The single-threaded ones are easy to make, but Rust will prevent you from sending them to another thread, which is probably something you want.
For thread-safe things, look into the crossbeam crate, it has really good collections.
One I worked with was the dashmap, which has a .retain() method [1] that works over a shared map reference, but runs a closure which gets mutable access to each key and value, and decides whether to keep the pair or not.
Its .get() [2] uses equality (so you can use a different object), but returns a reference to the original key-value pair. The .get_mut() will return it as mutable, but inside a guard that keeps the item locked until it goes out of scope.
`.retain()` unfortunately isn't what I'm talking about, since it's at least O(n) per call. It might be better if you can arrange to call it just once after a batch of operations, but that isn't always the case.
"Delete as you go" usually† adds no space/time complexity to the operations you're already doing (though it does affect the constant factor). It does mean you're giving up on predictable destructor calls, but generally the "heavy" destructor was called by whoever made it expire (e.g. the death of the last remaining shared owner if that's what expiry is based on).
† If many expirations happen at once, this can easily drop to merely amortized time. It's also possible for a container to offer, say, O(1) iteration via dedicated pointers but have a delete operation that's more complicated.
To the first question, not really, and if it did it would be pretty fragile because of mutability requirements. It's fragile in C++ too because of iterator invalidation, Rust mostly turns that into a compiler error.

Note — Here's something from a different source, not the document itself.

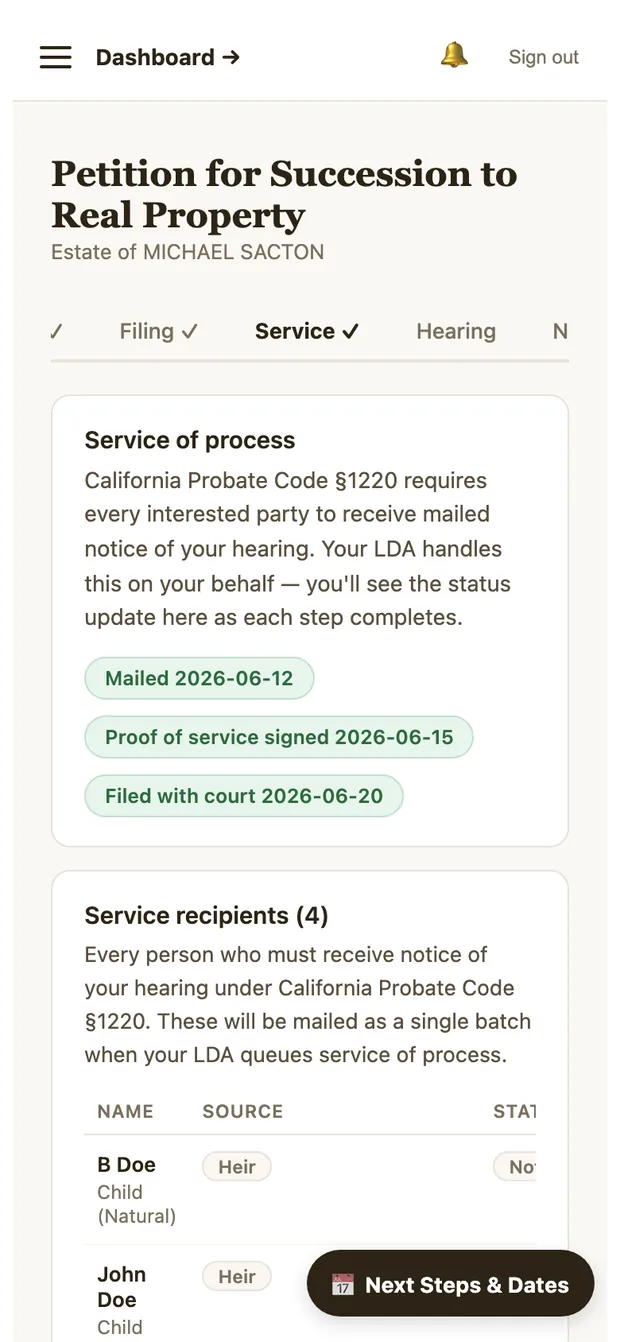 Service of process view listing recipients under Probate Code §1220 with mailed, signed and filed milestones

I didn't have any problem with iterator/pointer invalidation (easy to merge into the same thing), since holding an active iterator inhibited expiration. It's possible to imagine an expiration system that doesn't automatically guarantee this but I didn't have one; the only non-weak-based expiry I had was based on timers, and it's sanest to only count time as elapsing at the heart of the event loop.
Why do so many languages make weak references such second-class citizens? Why do all containers suck so much that you have to implement your own (and that's hoping the language is actually efficient enough to let you?)